Alley,FireplaceQu,PoolQC,Fence,MiscFeature <---- 'None'

For the categorical parameters related to Garage (listed below) and basement, a None value can be assigned. For the year built, however, let's fill that with the original construction year of the house.

GarageType,GarageFinish,GarageQual,GarageCond,BsmtQual,BsmtCond,BsmtExposure,BsmtFinType1,BsmtFinType2 <---- 'None'

GarageYrBlt <---- YearBuilt

For the Electrical feature, there is only one record with a missing value; let's drop that record.

For MasVnrType(masonry veneer), let's fill it with a None Category. For MasVnrArea, let's use the median.

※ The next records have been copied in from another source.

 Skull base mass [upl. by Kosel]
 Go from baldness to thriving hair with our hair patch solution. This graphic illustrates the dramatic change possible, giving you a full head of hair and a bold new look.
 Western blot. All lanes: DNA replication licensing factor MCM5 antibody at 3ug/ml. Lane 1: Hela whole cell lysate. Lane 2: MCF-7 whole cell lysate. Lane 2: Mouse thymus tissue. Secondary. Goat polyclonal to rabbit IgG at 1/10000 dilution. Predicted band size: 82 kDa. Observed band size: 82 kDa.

For the LotFrontage, let's use the median.

In [None]:
Selected_features=['Alley','FireplaceQu','PoolQC','Fence','MiscFeature','GarageType','GarageFinish','GarageQual','GarageCond','BsmtQual','BsmtCond','BsmtExposure','BsmtFinType1','BsmtFinType2','MasVnrType']
for item in Selected_features:
    df[item]=df[item].fillna('None')
df['GarageYrBlt'][df['GarageYrBlt'].isna()]=df['YearBuilt'][df['GarageYrBlt'].isna()]
df.drop(df[df['Electrical'].isna()].index,inplace=True)
df['LotFrontage'].fillna(df['LotFrontage'].median(),inplace=True)
df['MasVnrArea'].fillna(df['MasVnrArea'].median(),inplace=True)
print('the number of remaining missing values are ',df.isna().sum().sum(),'\n')

## Train/test split

Let's drop the 'id' column and split the data to train/test sets.

In [None]:
id_=df.pop('Id')
y=df.pop('SalePrice')
x=df.select_dtypes(exclude=['object'])
X_train, X_test, Y_train, Y_test = train_test_split(x, y, test_size=0.2)

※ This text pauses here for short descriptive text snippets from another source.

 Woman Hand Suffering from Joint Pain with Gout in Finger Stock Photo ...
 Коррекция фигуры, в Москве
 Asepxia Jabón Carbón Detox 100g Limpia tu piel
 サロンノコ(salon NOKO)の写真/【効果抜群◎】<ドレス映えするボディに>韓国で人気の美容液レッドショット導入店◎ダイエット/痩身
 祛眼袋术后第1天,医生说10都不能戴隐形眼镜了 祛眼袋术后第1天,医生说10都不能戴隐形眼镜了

Let's take a look at the X_train and Y_train

In [None]:
pd.set_option('display.max_rows', 10)
X_train

In [None]:
Y_train

## XGBRegressor Model

Let's go over a range of parameters for the model and find the ones with the highest score.

In [None]:
parameters = {'n_estimators': [10, 100, 500],
    'max_depth': [3, 5, 7, 9],
    'learning_rate': [0.05, 0.1, 0.2],
    'min_child_weight': [1, 10, 100]}

XGBR = XGBRegressor()
XGBR_cv=GridSearchCV(XGBR,parameters,cv=4)
XGBR_cv.fit(X_train,Y_train)
print("tuned hpyerparameters :(best parameters) ",XGBR_cv.best_params_)
print("R-squared Score_CV:",XGBR_cv.best_score_)
XGBR_cv.score(X_test,Y_test)
print("R-squared Score_test:",XGBR_cv.score(X_test,Y_test))

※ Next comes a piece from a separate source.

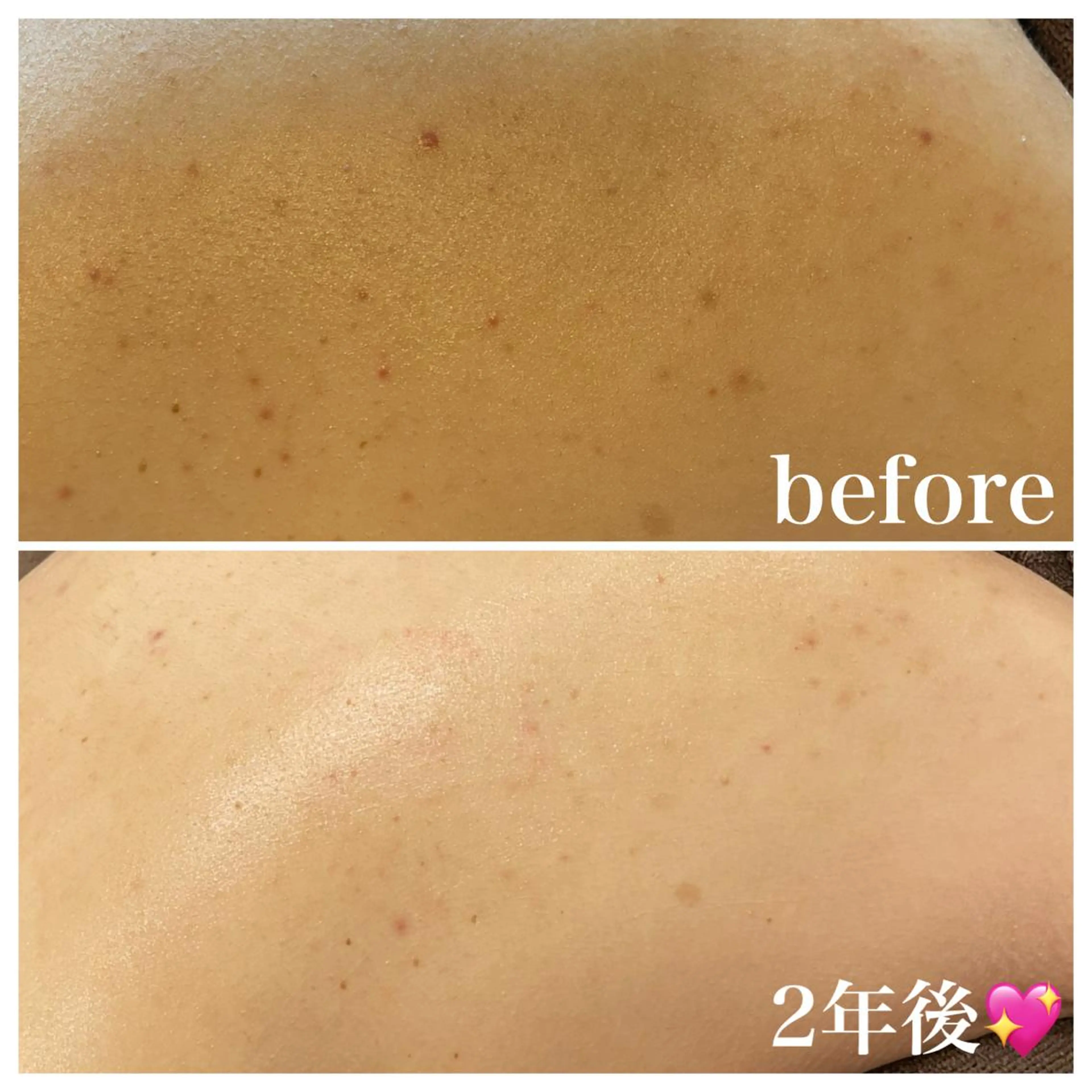 エステ 浜野 恵美のエステ・リラクイメージ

__Summary:__ The "House Price Prediction" project utilized XGBRegression to forecast property prices based on a comprehensive real estate dataset. This dataset contains extensive property attributes crucial for predicting sale prices. The project encompassed preprocessing, including handling missing values. The XGBoost regression model was fine-tuned, resulting in an R-squared score of 0.8549 during cross-validation and an impressive 0.9047 on the test dataset. This project exemplifies the effectiveness of data science techniques in predicting real estate prices and offers valuable insights into leveraging advanced algorithms for housing market analysis.